Developing the Industry 4.0 Model and Improving Industrial Resilience

The Industrial Model of Industry 4.0:

Smart factories can quickly switch processes and mass-produce customized or even unique products at the same cost. Corporate branding or manufacturing scale is no longer a key advantage. When traditional supply chains break down, innovative enterprises rapidity grab the market with competitive and revolutionary business models that produce smart products.
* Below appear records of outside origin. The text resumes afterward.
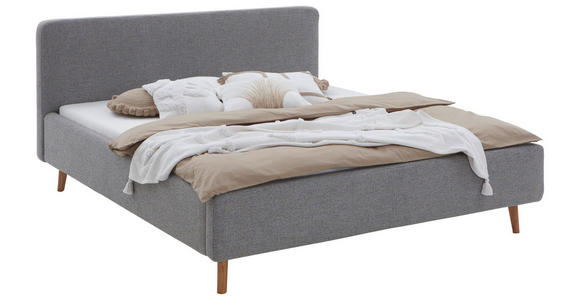 POLSTERBETT 160/200 cm  in Grau  - Eichefarben/Birkefarben, Design, Holz/Textil (160/200cm) - Xora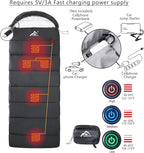 Heated Sleeping Bag - 5pcs Multi USB Power Support Heating Pads, Operated with Battery Power Bank or Other USB Supplies, Portable Compact Envelope Style Bag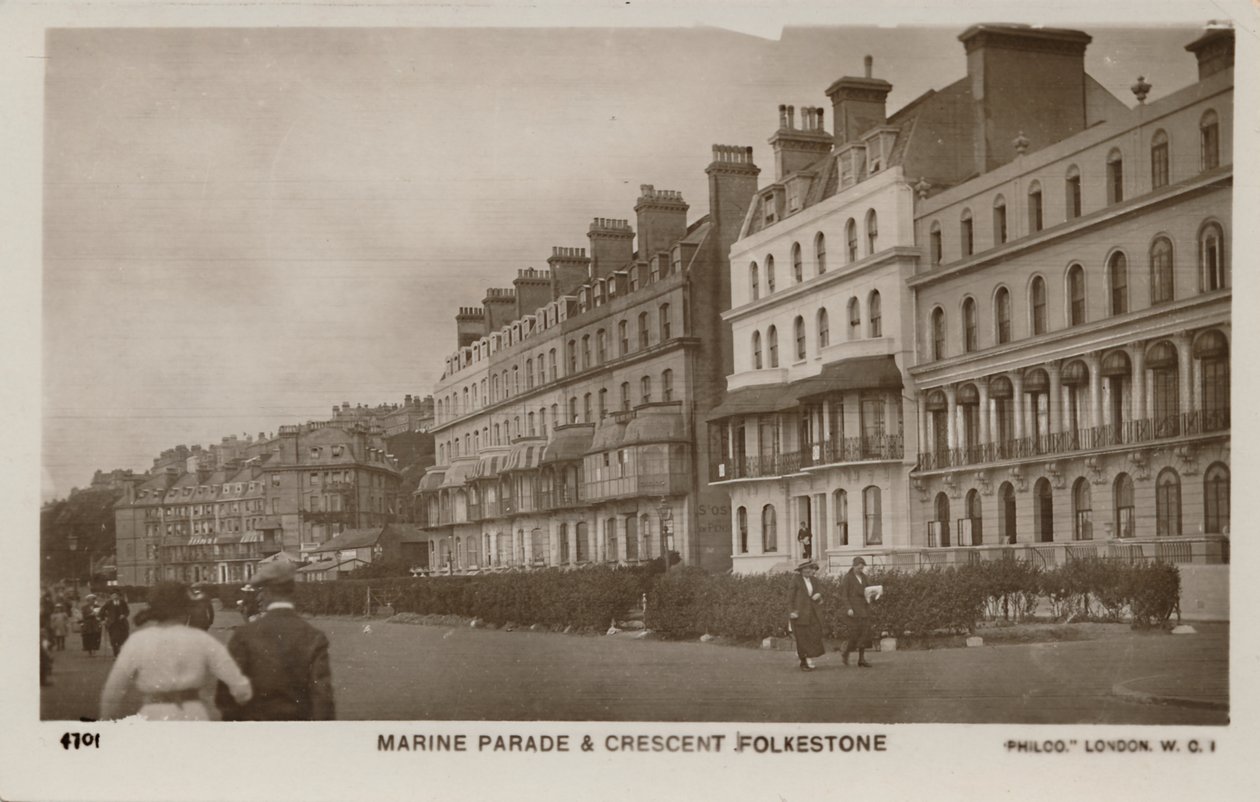 Marine Parade & Crescent Folkestone, eind 19e-begin 20e eeuw door Unbekannt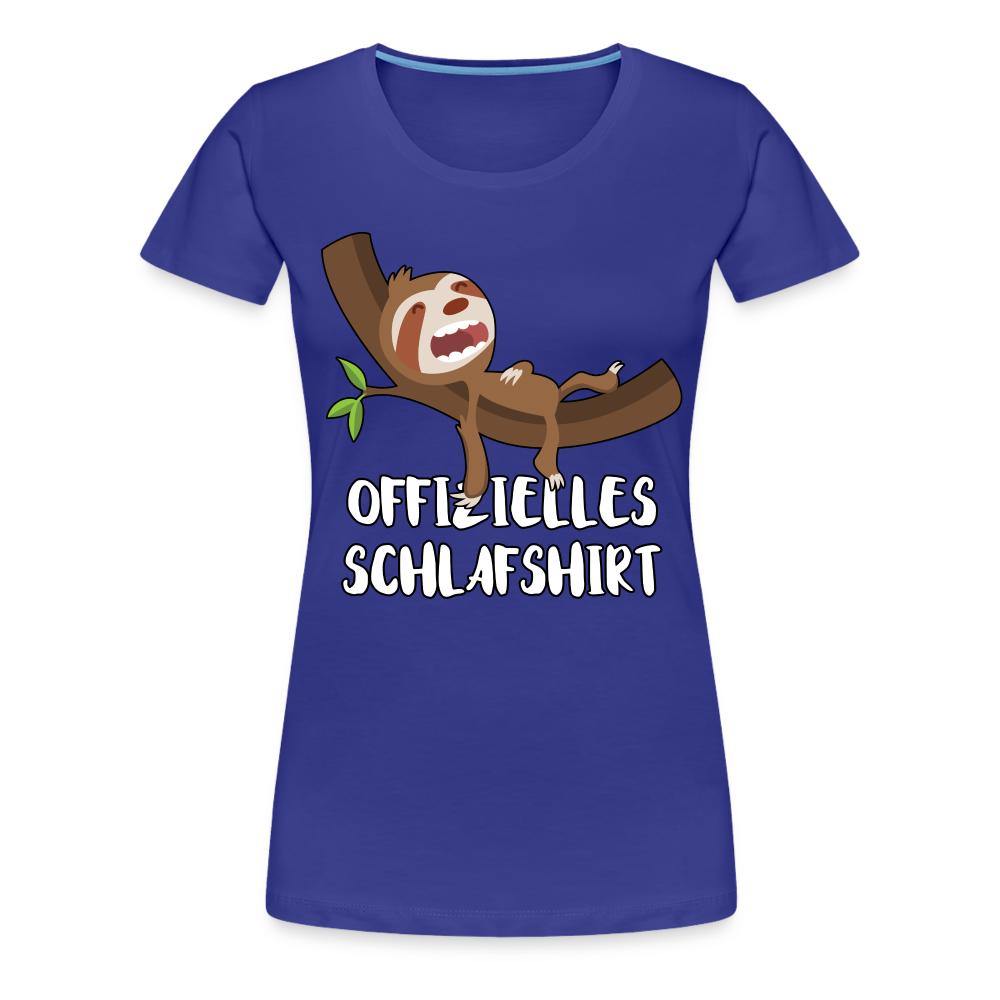 Faultier Offizielles Schlafshirt Schlafanzug Pyjama Geschenk Premium T-Shirt - Königsblau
The Development Background of Industry 4.0:

The rise and popularization of mechanization, electric power, and information technology (IT) have triggered three industrial revolutions successively, and have promoted major progress in the development of human civilization. The development of data communication technology and the breakthrough of computer computing power have driven the trend of digitalization. This has laid the foundation for, and triggered the fourth industrial revolution, also known as Industry 4.0. Industry 4.0 not only changes the methods of production and provision of services through smart factories and smart production, but transforms individual industries, according to their unique characteristics and needs, to each having their own unique Industry 4.0.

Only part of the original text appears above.